> **Data provided**:
◆ ◆ ◆
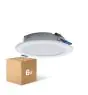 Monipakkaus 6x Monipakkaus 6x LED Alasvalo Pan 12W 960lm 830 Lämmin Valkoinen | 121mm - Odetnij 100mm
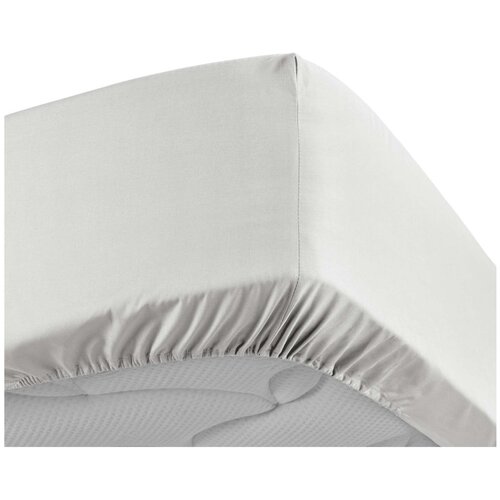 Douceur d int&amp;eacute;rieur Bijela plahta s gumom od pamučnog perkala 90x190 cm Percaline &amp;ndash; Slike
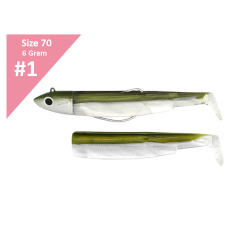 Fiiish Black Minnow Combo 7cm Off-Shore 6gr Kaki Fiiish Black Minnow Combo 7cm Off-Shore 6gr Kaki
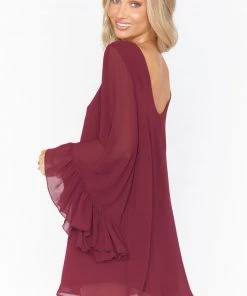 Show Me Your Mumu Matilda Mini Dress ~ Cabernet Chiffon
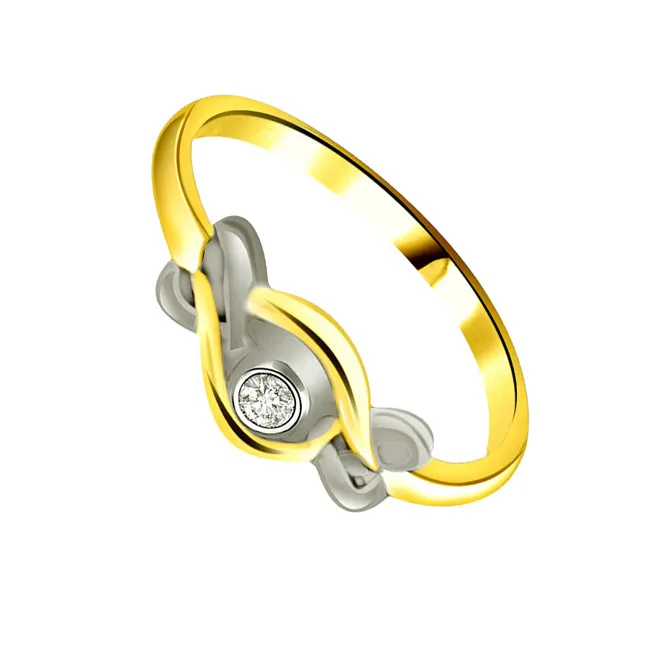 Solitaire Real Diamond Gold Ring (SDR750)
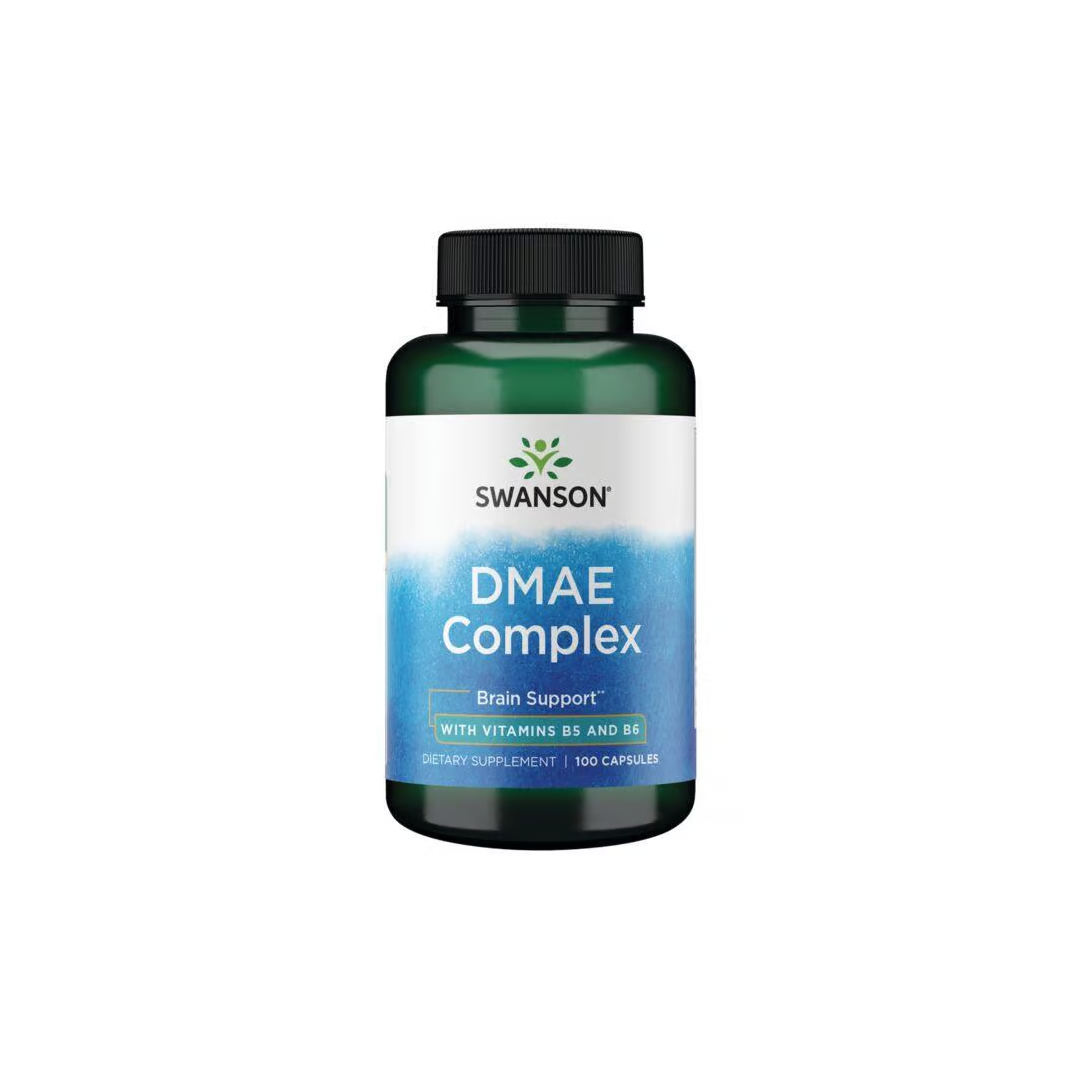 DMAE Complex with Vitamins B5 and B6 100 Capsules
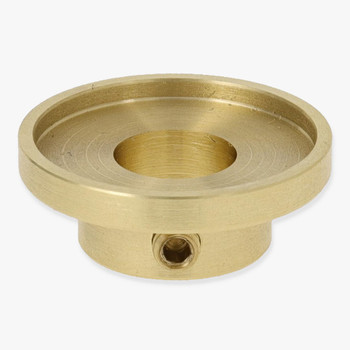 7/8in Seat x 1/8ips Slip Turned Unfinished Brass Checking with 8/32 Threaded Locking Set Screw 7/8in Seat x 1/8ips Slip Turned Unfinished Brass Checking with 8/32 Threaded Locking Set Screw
◆ ◆ ◆
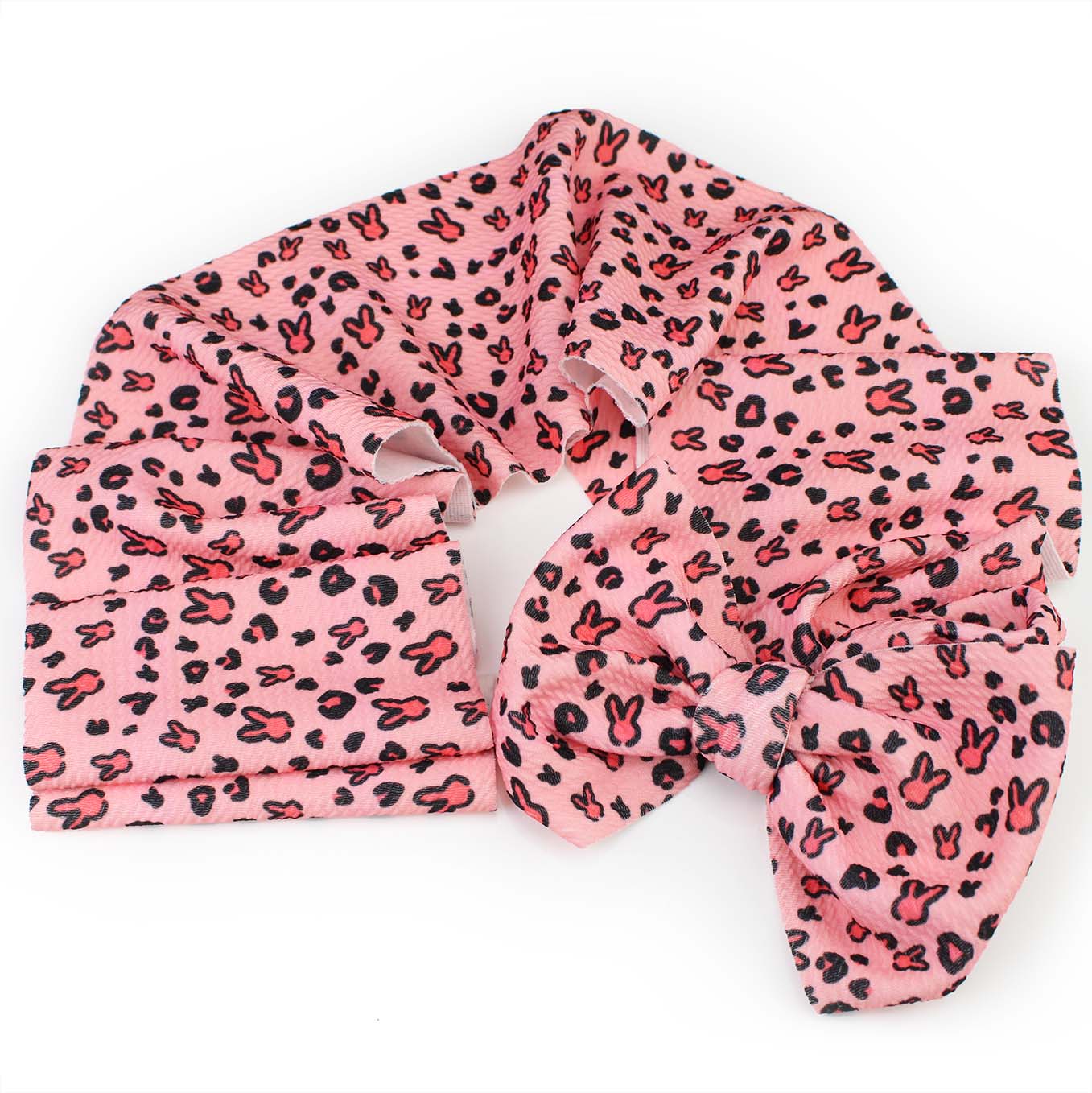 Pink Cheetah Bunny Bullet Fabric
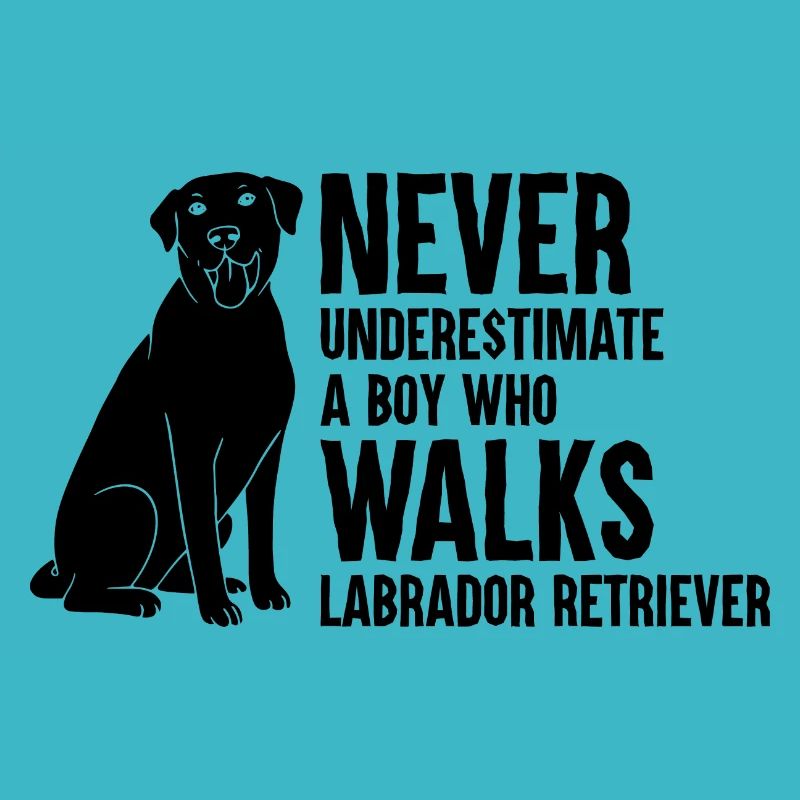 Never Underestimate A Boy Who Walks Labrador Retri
◆ ◆ ◆
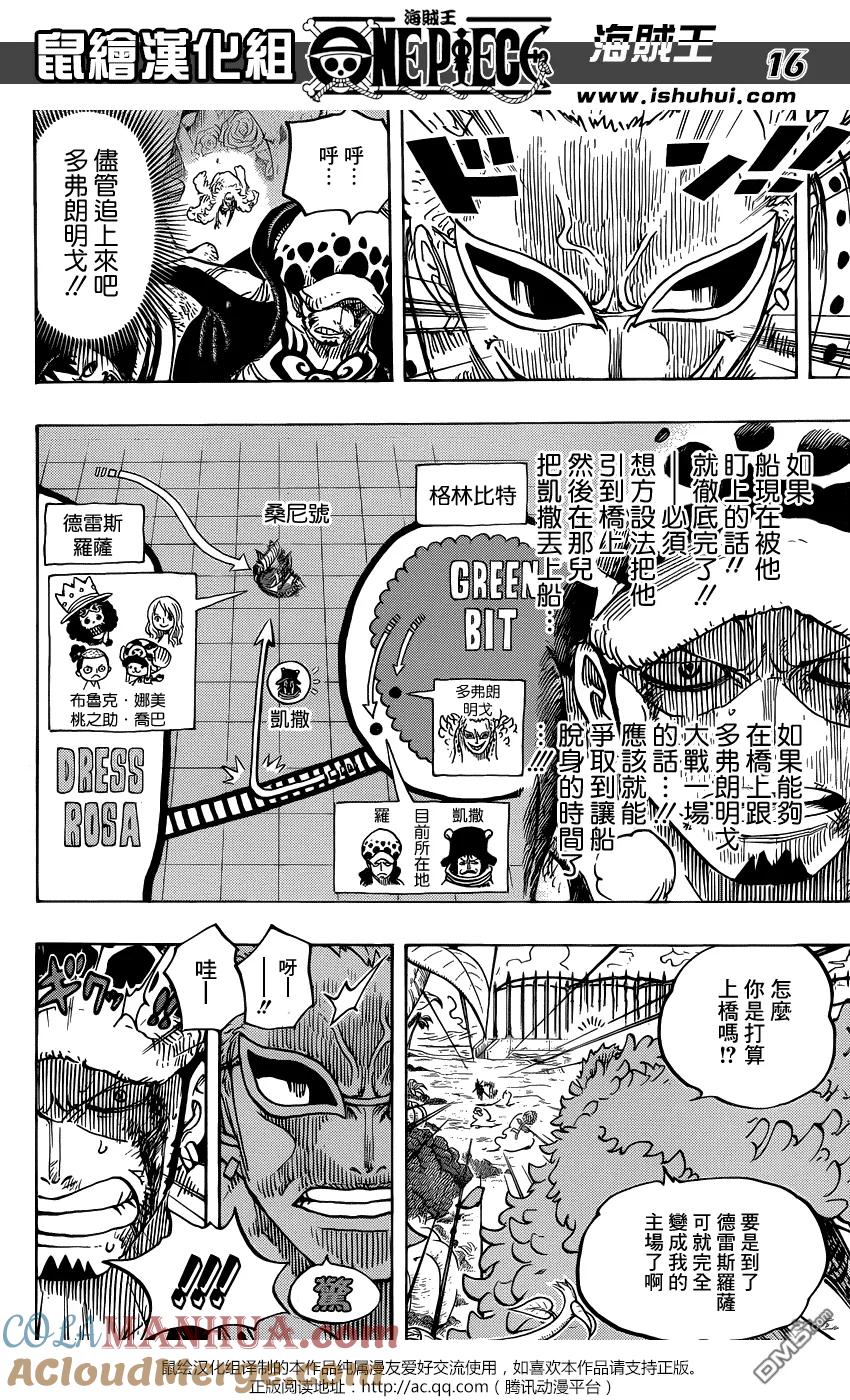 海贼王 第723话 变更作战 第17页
◆ ◆ ◆
> **Your task**:
In the listing above, find the line with "Show Me Your" and the line with "Set Screw 7/8in". Copy both of them and every line between, exactly, but not the pictures.

> **Task output**:
 Show Me Your Mumu Matilda Mini Dress ~ Cabernet Chiffon
 Solitaire Real Diamond Gold Ring (SDR750)
 DMAE Complex with Vitamins B5 and B6 100 Capsules
 7/8in Seat x 1/8ips Slip Turned Unfinished Brass Checking with 8/32 Threaded Locking Set Screw 7/8in Seat x 1/8ips Slip Turned Unfinished Brass Checking with 8/32 Threaded Locking Set Screw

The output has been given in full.